### Exercise instructions:
Extract the stretch of lines that starts at the line with "Photo 1 - Maison à JANVRY" and ends at the last line of the data below. Give it exactly, without pictures.

(Records from a data collection)
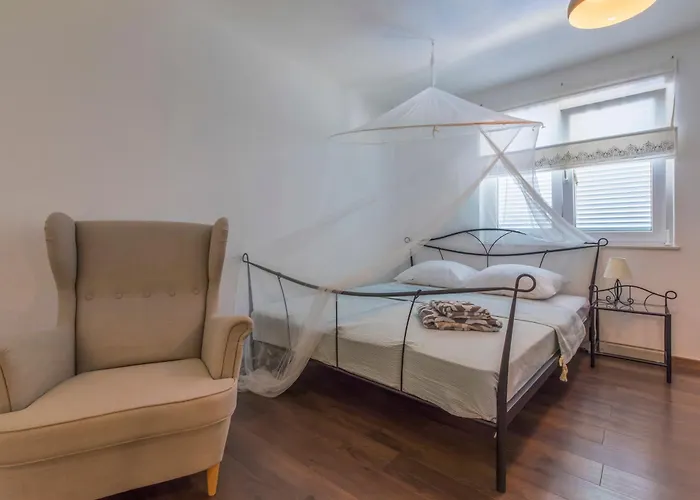 Apartment Aria - Health & Wellness App *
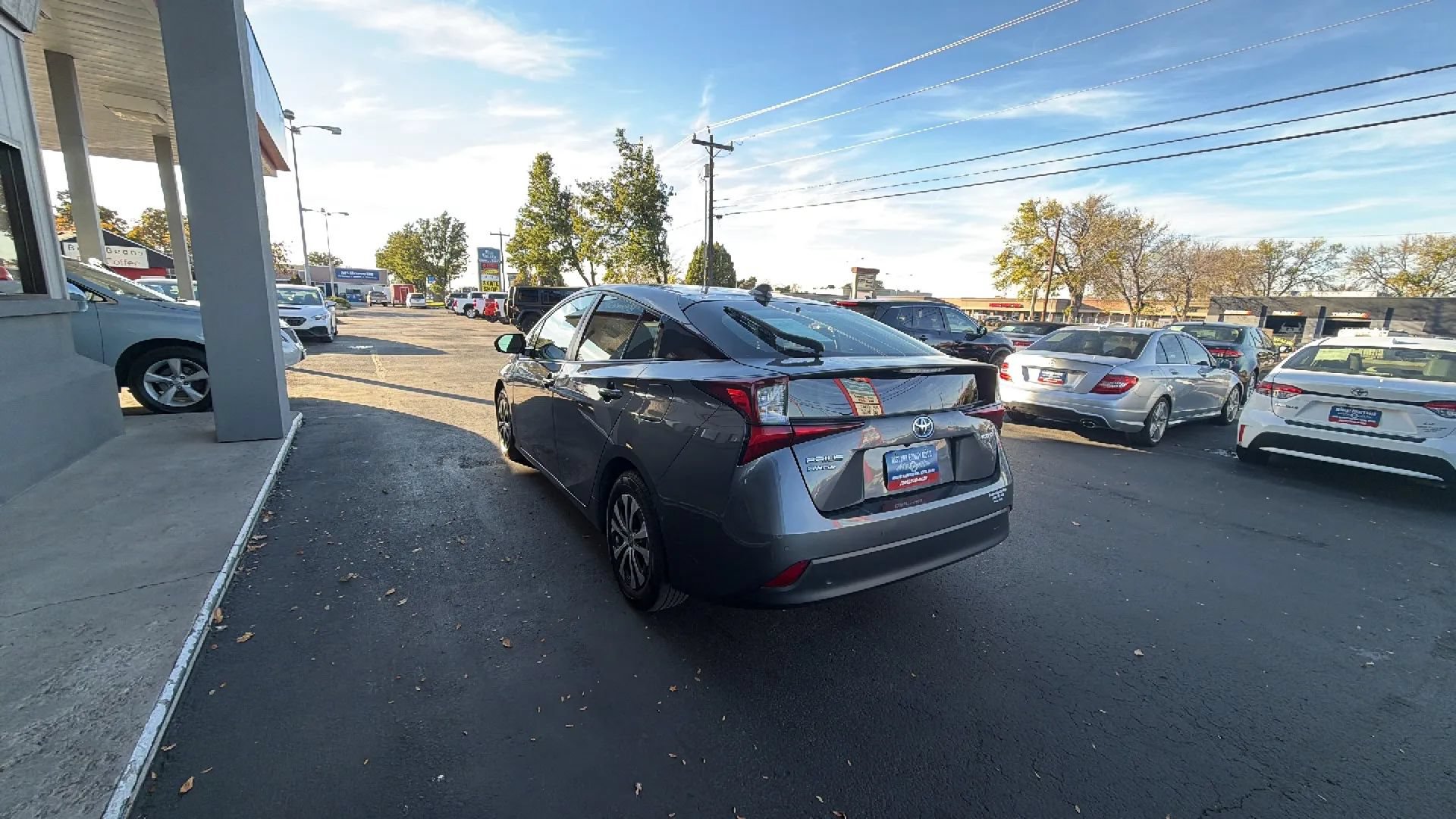 Used 2020 Toyota Prius LE AWD/4WD image 5
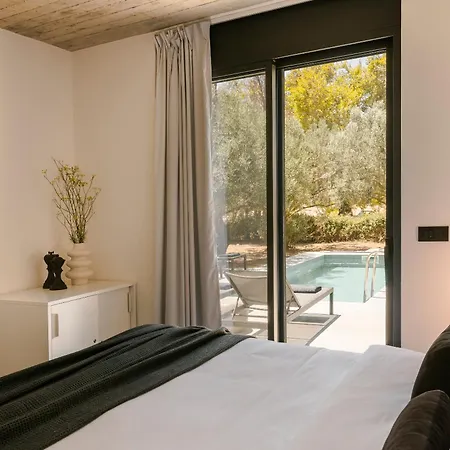 Aniso Villa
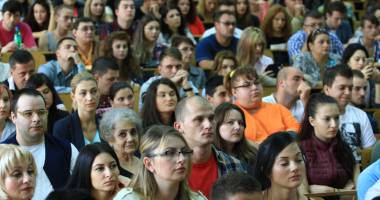 Cum și-a primit Universitatea "Andrei Șaguna" bobocii în noul an universitar - 2
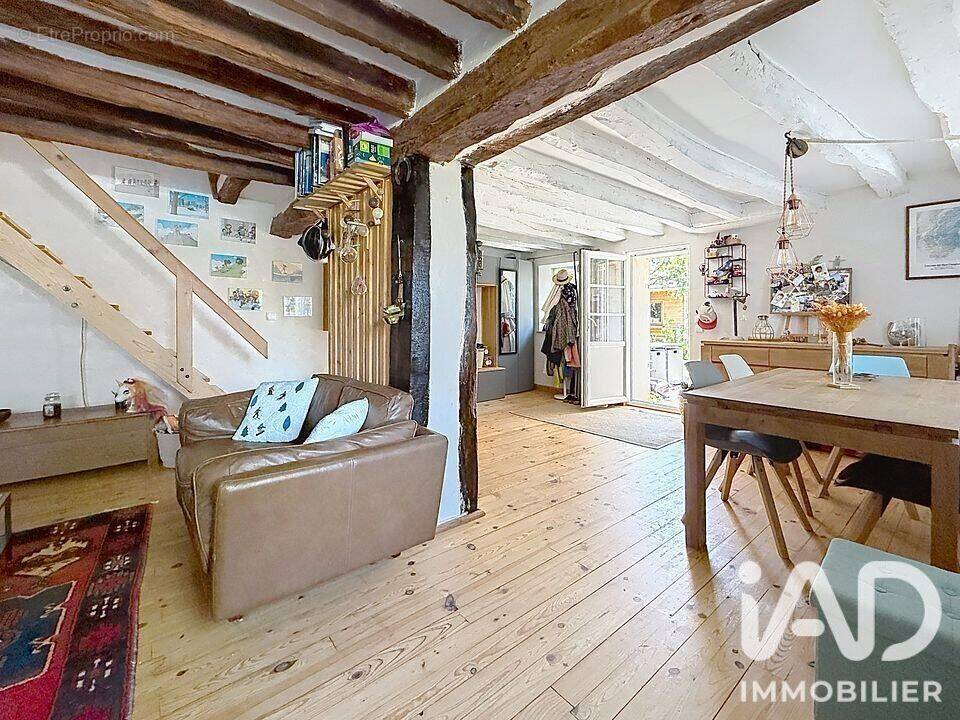 Photo 1 - Maison à JANVRY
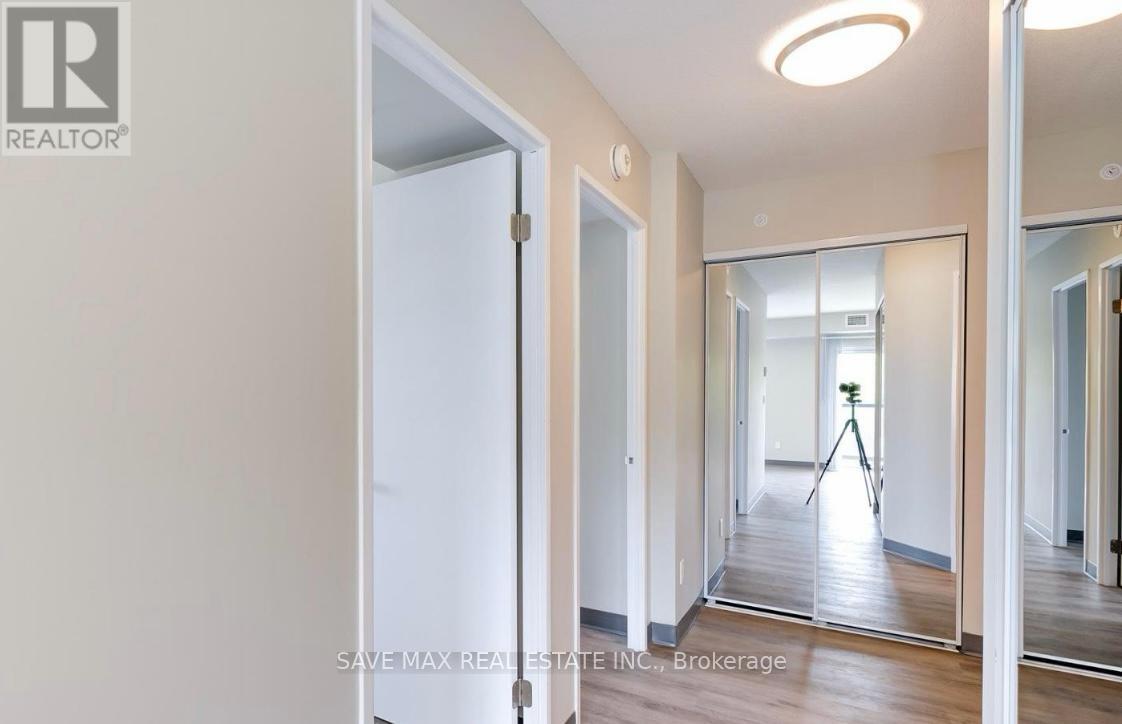 511 - 595 Strasburg Road, Kitchener, Ontario  N2E 0J7 - Photo 11 - X12726884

### Response for this exercise:
 Photo 1 - Maison à JANVRY
 511 - 595 Strasburg Road, Kitchener, Ontario  N2E 0J7 - Photo 11 - X12726884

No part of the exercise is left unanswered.